Migrancy, Masculinity, and Preventing HIV in Tajik Male Migrant Workers (ICPSR 35840)
Monitoring STIs in the Population (ICPSR 35909)
Multiple Sexual Partnering and HIV Risks Among Low Income Heterosexual Black Men (ICPSR 35847)
National Profile of Local Health Departments, 2010 (ICPSR 32922)
National Survey on HIV Risk for African-American Women (ICPSR 35902)
Networks of Heterosexual Risk and HIV (ICPSR 35834)
NSAM: Wave 4: HIV/STD Risk Trajectories (ICPSR 35987)
Organizational Change Toward HIV Involvement in Immigrant Religious Organizations (ICPSR 35932)
Pathways Linking Poverty, Food Insecurity, and HIV in Rural Malawi (ICPSR 35938)
Peer Groups for Healthy Pregnancy and HIV Prevention for Young Malawian Women (ICPSR 35850)
The Problem With Male Sexual/Repro Health: Qualitative/Quantitative Study, Uganda (ICPSR 35876)
Process Analysis of Rapid Testing (PART) (ICPSR 35907)
Project Migrante: Health Status and Access to Health Care Among Migrants on Mexico's Northern Border, 2020-2021 (ICPSR 38601)
The Migrante Project is a binational study that examines health status and access to health care among Mexican migrants. Since 2007, Migrante investigators have implemented a series of cross-sectional probability-based surveys on Mexico's northern border. The current phase of Migrante includes three survey waves (N=1,200 each), each focused on a specific topic area. Data for the Wave I survey focused on HIV and sexual/reproductive health. Wave II is focused on non-communicable disease. Data collection for this wave is ongoing. Wave III (data to be collected in 2023) will focus on mental health and substance use. All surveys contain additional questions on socio-demographics, health status, health care access, migration history, and contextual factors related to migration stage. All waves also include biometric testing (for example, rapid HIV testing). Participants are sampled from four different migrant flows:
- Northbound flow: Migrants traveling north and arriving at the border from other regions in Mexico
- Southbound flow - Border: Migrants traveling from the Mexico side of the Mexico-US border to points farther south
- Southbound flow - U.S.: Migrants returning to Mexico from the U.S. voluntarily
- Deported flow: Migrants returning to Mexico from the U.S via deportation
The data herein come from the Wave I survey and were collected in Tijuana, Matamoros, and Ciudad Juárez, Mexico between August 2020 and September 2021. The study employed a multistage sampling design, with a combination of geographic and temporal sampling units, modeled after the Encuesta sobre Migración en la Frontera Norte de México (EMIF Norte).

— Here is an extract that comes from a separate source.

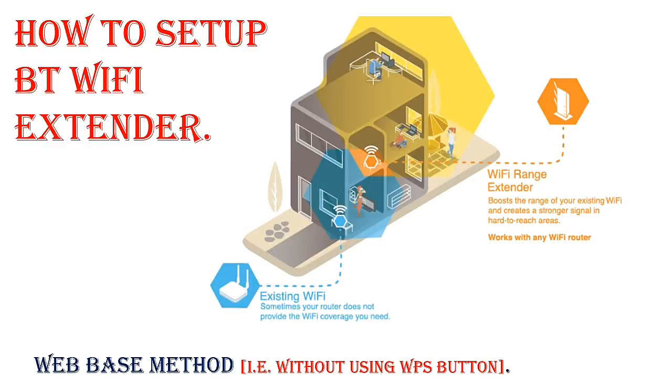Hi guys, welcome to my YouTube channel. I'm back with my new video on how to set up a BT WiFi extender without using the WPS button.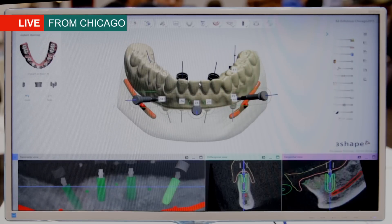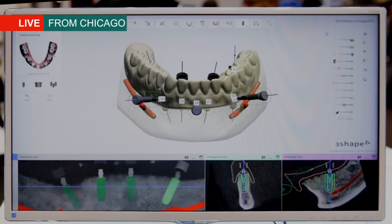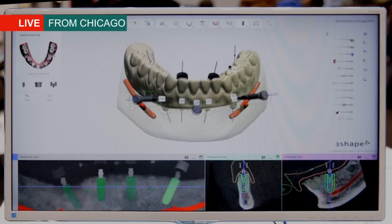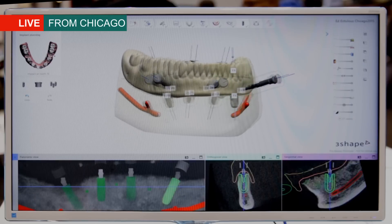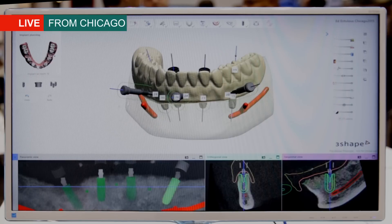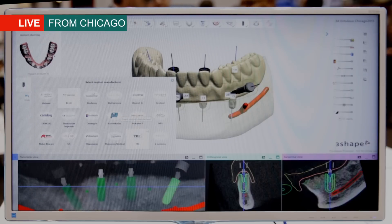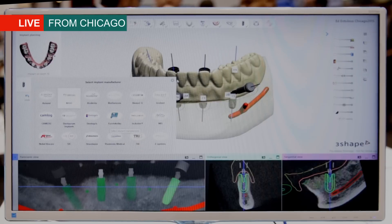A very central step in our workflow is of course the implant planning step. Throughout our application we have really thought efficiency and usability into the design of the software. What we see here is a planned case — we have placed four implants in the patient's mandible, and we also now have anchor pins available. Furthermore, we have expanded our implant library quite a lot with new implant manufacturers, so we're now covering a lot of different manufacturers.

Migrante sampling sites for Wave I included bus stations, airports, and deportation stations in each of the three cities.
Eligible individuals were at least 18 years old, born in Mexico or other Latin American countries, fluent in Spanish, not residents of the city where the survey is being conducted (except for deported migrants), and traveling for labor reasons or change of residence. In total, there were 1,398 observations (northbound flow N=347, southbound flow N=703, and deported flow N=348) in Wave I, with 1,257 individuals completing the Wave I survey. Three hundred and six of these individuals belonged to the deported flow, 306 to the northbound flow, 336 to the southbound border flow, and 309 to the southbound U.S. flow. Consent rates ranged from 13% to 98% depending on the flow and survey city. Migrante surveys can be used to produce population-level estimates of health outcomes and health care access, investigate variations across migration phases, and explore the impact of health care and immigration policies on migrants' health outcomes, healthcare access, and individual and environmental health determinants.